Taking the case of China and its stance towards rapid urbanisation (although the phenomenon is global) the intent is to enquire the methodologies applied in the process of its recent growth and its ambitious proposals in the near future. And test them against prior models of urbanisation.



Figure 1: Potential zones of urbanisation in China (Source: GO West)


Currently the implied methodologies of planning for urbanisation in China fail to function as desired, leading to stagnation in moulding the urban. There is a clear need for an adaptive practice, which manoeuvres itself according to the changing conditions and yet blends perfectly with the context. Equally, the methodology should be proficient enough to be implied in multiple scenarios, as there is a need for an urgent growth. Existing cities are expanding, new cities are proposed to distribute the pressure of the existing cities; the approach should not be the solution itself, rather it should become a proficient situation to start a new acceptable disturbance within the existing which attempts to make the entire system autonomous.

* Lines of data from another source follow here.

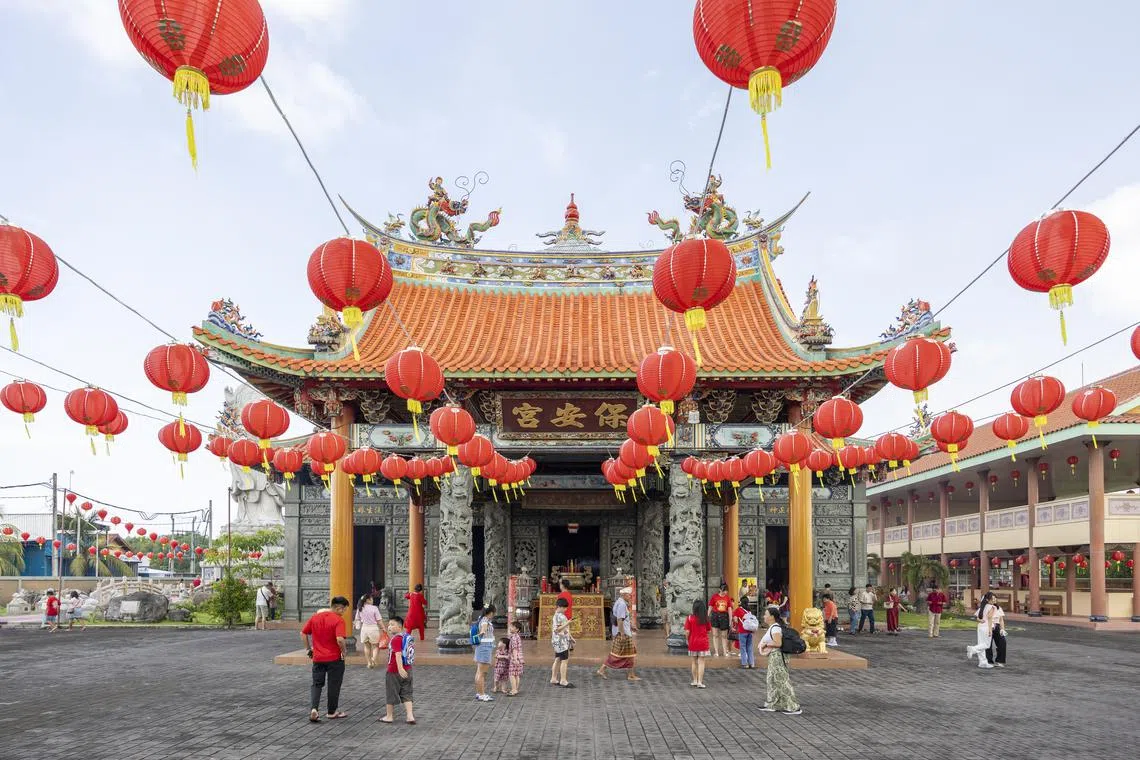 People attend a prayer during Chinese Lunar New Year celebrations at a temple in Denpasar, Bali, on Jan 29.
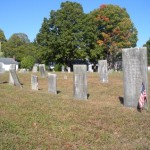 Approaching a neat row of headstones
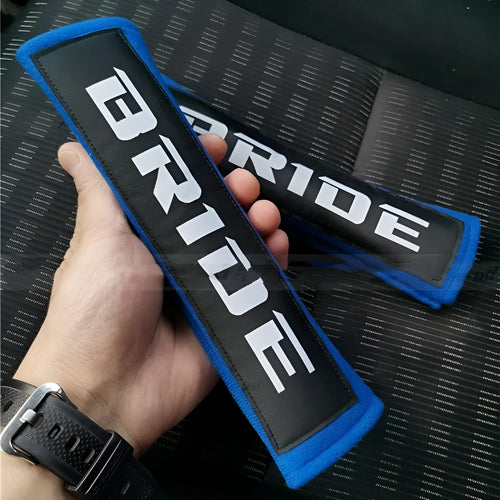 Pair of black car seatbelt shoulder pads showing embroidery detail and thickness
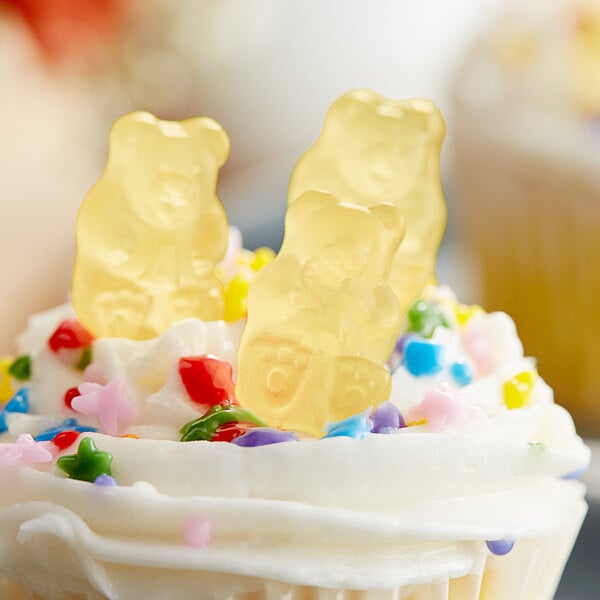 A cupcake with Albanese Pineapple Gummi Bears on top.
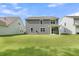 Manicured backyard featuring a well-maintained lawn and a screened in porch at 121 Loon Dr, Summerville, SC 29483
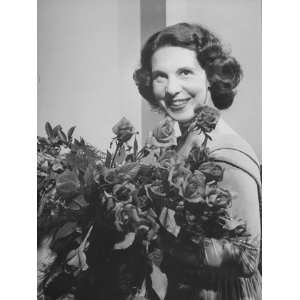 Singer Herta Glaz of the Metropolitan Opera Holding Flowers after a 
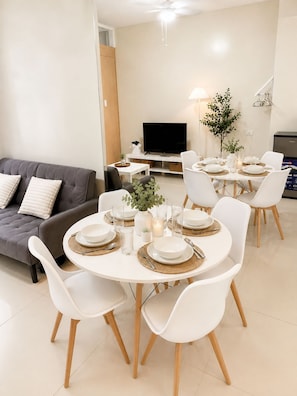 Una sala moderna con un sofá gris, una mesa de comedor con platos y vasos blancos, y un televisor de pantalla plana montado en la pared.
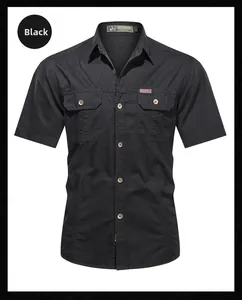 Detailed macro shot of a black outdoor cargo shirt with buttoned pockets and collars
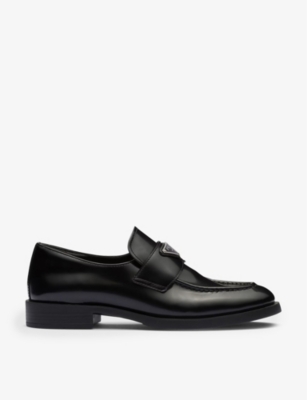 PRADA: Logo-plaque leather loafers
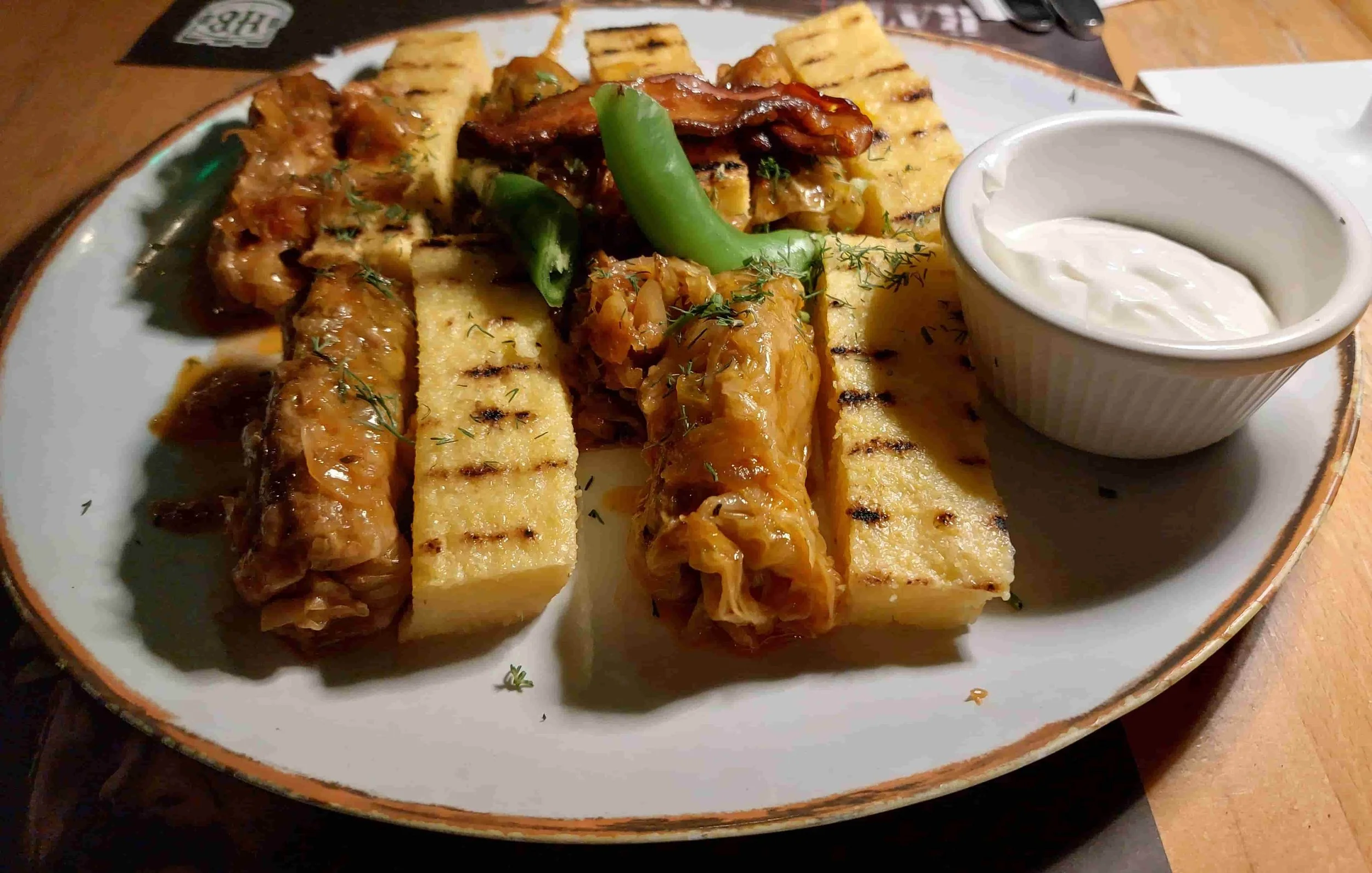 Romanian sarmale cabbage rolls with grilled mămăligă, sour cream, and chili peppers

A stage primarily perceived for this rapidity is an urban development methodology which could be implied easily on the context to derive a solution; certainly unlike the prototype of an urban grid this prototype needs to be more meaningful, and should take into account several parameters such as economy, ecology, society, culture etc. Since these parameters are not physical; these unlike previous models of urbanism, need not always translate the physical appearance of the layout – the grid, but rather shape intricately through the existing conditions respecting the aspects prevailing over the territory.


This outcome, currently still undergoing tests and is being developed, seems promising as it has the capability to adapt and re-adapt to changing scenarios, and it considers the ground (or territorial)


conditions as the basis for evolution (programmatically as well as physically).


Since in the recent years, urban is evolving not only because of the schema for infrastructure development but also because of the political conditions, acceptance of several economically thirsty trade policies, alterations in social and cultural behaviour, and the changes in ecological, regional and environmental conditions, the growth in the coming future seems huge and erratic. Asia (and more specifically China) is a major ground for experimentation, where the conditions are exactly the same which America in the past has experienced. It is left to the future urban visionaries to deal with these scenarios.


Exploring the possibility of Landscape Urbanism as a critically informed discipline, the urbanists need to derive a design methodology which contradicts the negative factors of the prior approaches and perceives the future of urban through a domain of Landscape. Looking at the scenario of rapid transformations, we need to go to the basic level, investigate the pragmatic structure to device a process which has the capability to adapt, accept and experience both physical and non-physical transitions occurring in an urban situation.


Landscape Urbanism, as a theory, not only seems promising in post-industrial cities or in conditions of rapid urbanisation of Asia, but seems promising in any hypothetical or existing scenario and scale, anywhere because of its capability to adapt and credibility towards the considering the subtle nuances of the urban or global conditions.


1 –Koolhaas, Rem (2004), in an interview in IconEye

2 –Harvey, David (2005), A Brief History of Neoliberalism, p.121, (Neoliberalism ‘with Chinese Characteristics’), New York, Oxford University Press Inc.